Dark Ember
Page 6
"Halt!"
I wheeled around on my butt. A border sentry glared down at me from atop Earth's twenty-foot entrance. The detailed battles carved into the archway were vicious and cruel, but the stone's white emitted the calmness of vigil candlelight, leaked the slickness of bathwater oils. I could tell the rifle pointing at my face was Earth-made because its colors were merely colors. Flat, lesser things.
"Show your cards and wings!"
"I-I don't have cards."
A hand grabbed my shoulder and lurched me to my feet, spinning me around. Two border sentries flanked me, a man and a woman, rifles in hand. Unlike human soldiers, their uniform shirts were skintight with a hard collar, and the gray feeling of unable to return to bed on a miserable morning. Pockets lined their legs. Pistols and batons hung off their belts. The R on their gold buckles looked like the crimson of strength and authority, but felt like the clink of a spoon on a sundae dish.
I couldn't imagine Orin in their place, his warmth scowling, shoving a gun in my face.

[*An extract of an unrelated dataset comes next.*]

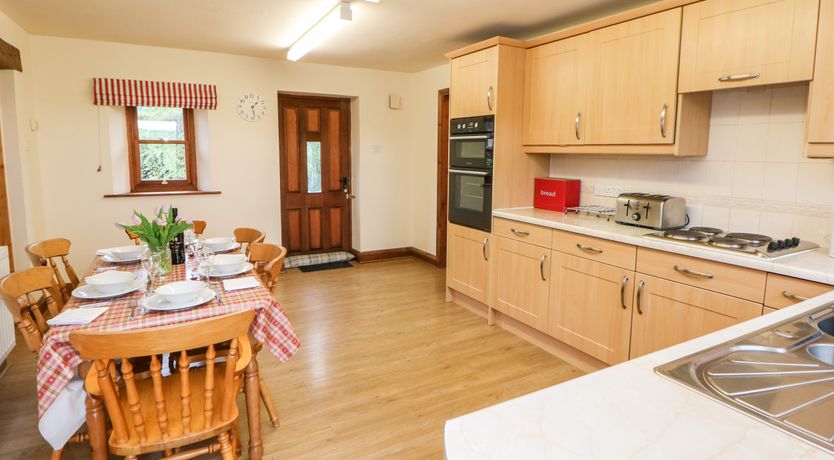 Photo of Croft House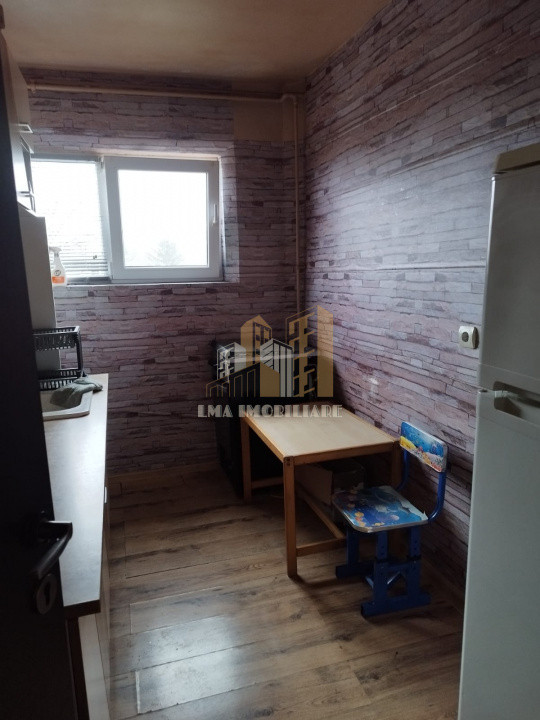Apartament 2 camere   Astra Brasov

The mother wailed near the encompassing wall; the female sentry turned to look. A strip of fabric traced her spine, openly displaying her border sentry wings, which twisted along her back and shoulders like wrought iron.
Wings like Orin's used to be.
The woman returned her attention to me as the man yanked up my shirttail. "She's a miner."
"Are you on an Earth excavation crew?" the sentry overhead demanded.
The woman gasped. "Her ear-tips are folded."
The man scrutinized my face, his eyes the feeling of tea sipped on leather chairs. "Impossible. A changeling would—" Disbelief stretched across his face. "Grian…"
Grian. Orin's last name. My heart leapt. I glanced over my shoulder, thinking he'd somehow emerged.
The sentry snarled: "She's the traitor's assignment!"
"Traitor? No! He—"
"Turn around! Get on your knees! Hands on your head!"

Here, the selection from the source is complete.